Section 4.5    No Conflicts. Neither the execution, delivery and performance of this Agreement by Seller or Group, nor the compliance with or fulfillment of the terms, conditions and provisions hereof by Seller or Group, shall conflict with, result in a breach of the terms, conditions or provisions of, or constitute a default, an event of default or an event creating rights of acceleration, termination or cancellation or a loss of rights under, or result in the creation or imposition of any Encumbrance upon any of the Shares, under (a) the articles of incorporation or by-laws of Seller or Group, respectively, (b) any material note, instrument, agreement, mortgage, lease, license, franchise, permit or other material authorization, right, restriction or obligation to which Seller or Group, respectively, is a party or the Shares are subject or by which Seller or Group, respectively, is bound, (c) any court order to which Seller or Group is a party or any of the Shares are subject or by which Seller or Group is bound, or (d) any requirements of laws, rules or regulations affecting Seller or Group, or the Shares or otherwise applicable to the transactions contemplated by this Agreement.

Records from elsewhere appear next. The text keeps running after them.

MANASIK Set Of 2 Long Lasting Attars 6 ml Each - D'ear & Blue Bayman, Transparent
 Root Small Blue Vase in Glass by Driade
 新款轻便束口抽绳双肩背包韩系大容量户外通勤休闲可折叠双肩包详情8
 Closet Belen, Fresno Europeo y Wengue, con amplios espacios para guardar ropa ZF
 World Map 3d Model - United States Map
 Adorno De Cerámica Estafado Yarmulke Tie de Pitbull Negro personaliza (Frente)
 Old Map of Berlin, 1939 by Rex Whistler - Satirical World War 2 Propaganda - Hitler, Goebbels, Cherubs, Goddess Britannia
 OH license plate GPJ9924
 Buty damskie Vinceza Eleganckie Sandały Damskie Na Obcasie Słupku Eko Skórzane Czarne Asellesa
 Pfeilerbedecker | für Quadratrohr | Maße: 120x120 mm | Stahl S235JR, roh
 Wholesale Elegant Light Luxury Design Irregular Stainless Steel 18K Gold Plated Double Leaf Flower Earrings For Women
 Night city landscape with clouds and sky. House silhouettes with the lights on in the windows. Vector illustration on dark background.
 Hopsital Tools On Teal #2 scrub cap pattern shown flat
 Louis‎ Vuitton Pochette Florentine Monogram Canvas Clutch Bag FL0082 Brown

Section 4.6    Material Non-Public Information. Each of Seller and Group acknowledges that the Company and its Affiliates, officers and directors, may possess material non-public information not known to Seller or Group regarding or relating to the Company, including, but not limited to, information concerning the business, financial condition, results of operations, prospects or other plans of the Company, and that neither Seller nor Group has received or requested any such information, and each agrees that neither the Company nor its Affiliates, officers or directors shall have any liability whatsoever to Seller or Group with respect to the nondisclosure of any such material non-public information, whether before or after the date of this Agreement.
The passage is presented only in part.